### Task directions
Throughout the material below, count the lines that include the string "Chapter", then report only the resulting number.

### Records for processing
..............................

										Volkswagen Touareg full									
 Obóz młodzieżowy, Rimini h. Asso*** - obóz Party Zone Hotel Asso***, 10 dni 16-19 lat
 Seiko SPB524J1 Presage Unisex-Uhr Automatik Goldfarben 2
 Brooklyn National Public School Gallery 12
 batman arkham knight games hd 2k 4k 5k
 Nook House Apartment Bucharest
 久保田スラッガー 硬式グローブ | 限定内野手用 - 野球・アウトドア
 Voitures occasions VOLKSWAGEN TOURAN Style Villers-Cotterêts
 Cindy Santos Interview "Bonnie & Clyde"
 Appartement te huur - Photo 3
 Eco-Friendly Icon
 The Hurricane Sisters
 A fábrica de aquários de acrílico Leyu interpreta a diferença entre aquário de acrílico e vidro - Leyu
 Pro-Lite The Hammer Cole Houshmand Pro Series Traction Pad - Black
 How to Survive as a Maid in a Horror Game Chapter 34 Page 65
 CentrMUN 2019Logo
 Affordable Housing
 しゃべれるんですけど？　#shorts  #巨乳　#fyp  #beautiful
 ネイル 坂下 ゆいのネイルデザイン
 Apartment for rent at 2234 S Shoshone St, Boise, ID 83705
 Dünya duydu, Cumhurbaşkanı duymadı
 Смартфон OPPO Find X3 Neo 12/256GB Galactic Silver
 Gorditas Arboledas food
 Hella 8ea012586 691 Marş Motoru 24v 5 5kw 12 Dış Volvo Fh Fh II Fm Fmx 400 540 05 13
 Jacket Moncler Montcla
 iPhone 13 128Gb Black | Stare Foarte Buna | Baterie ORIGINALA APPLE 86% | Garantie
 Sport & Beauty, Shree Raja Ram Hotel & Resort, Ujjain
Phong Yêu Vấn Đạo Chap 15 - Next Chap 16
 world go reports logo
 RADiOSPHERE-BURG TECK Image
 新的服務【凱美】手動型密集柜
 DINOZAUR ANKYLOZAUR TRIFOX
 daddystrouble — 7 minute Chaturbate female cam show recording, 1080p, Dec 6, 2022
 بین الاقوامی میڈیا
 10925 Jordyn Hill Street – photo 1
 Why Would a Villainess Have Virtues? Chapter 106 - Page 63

..............................

### Solution for this exercise
2